By The Bakersfield Californian
Here's a ballot initiative worth watching. California Forward, the government reform group that's been instrumental in passing initiatives on redistricting, open primaries and a simple majority vote for budgets, is supporting a measure this year to switch to a two-year state budget cycle. The group donated nearly $1 million last week to a signature drive for the measure, which also received $1.2 million from billionaire Nicolas Berggruen. So why would we drag out the already torturous budgeting of state finances to two years?
California Forward contends that a two-year budget would bring more certainty and stability to the state's economic climate. Furthermore, it would give lawmakers more time to focus on other critical issues affecting the state. The idea is that budgeting would happen and then be done for a two-year period, freeing up time for work on other substantive issues.

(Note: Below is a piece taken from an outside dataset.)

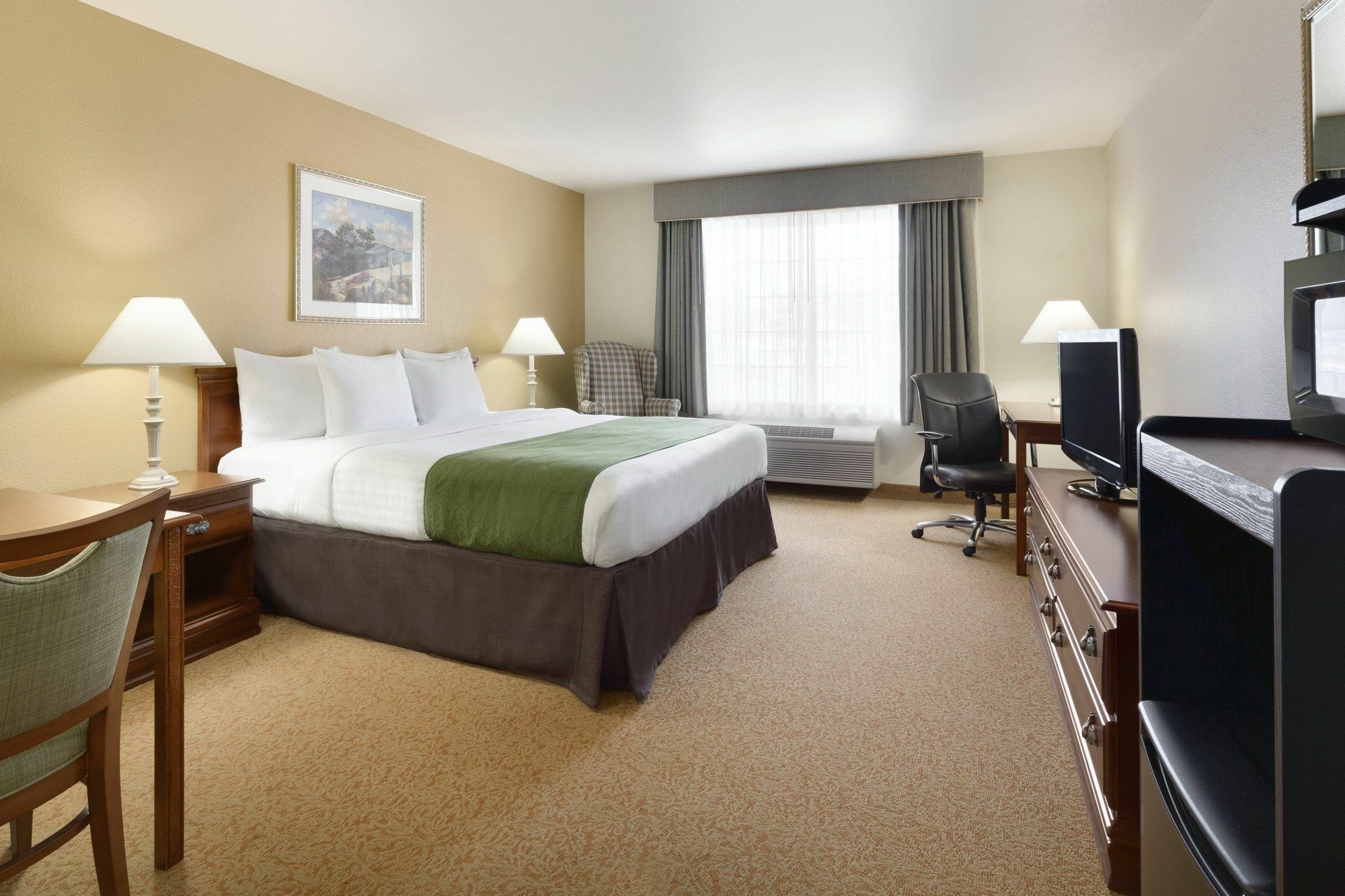 Country Inn & Suites By Radisson, Billings, Mt Eksteriør billede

The initiative would also require that funding be identified for any new state program, that all bills be published three days prior to voting and that all state programs be reviewed for effectiveness every five years.
On the surface these changes make a lot of sense. The current budgeting process tends to consume all of the Legislature's energy and usually becomes so divisive there is little momentum afterward to get anything else accomplished. A two-year budget does have the potential to bring more civility to the process of state governance. Can a two-year budget cycle really stick? Revenue projections can shift wildly in just a few months' time, forcing legislators to make revisions.
Voters need to ask the same questions and study this issue carefully. But they ought to be intrigued by the possibilities.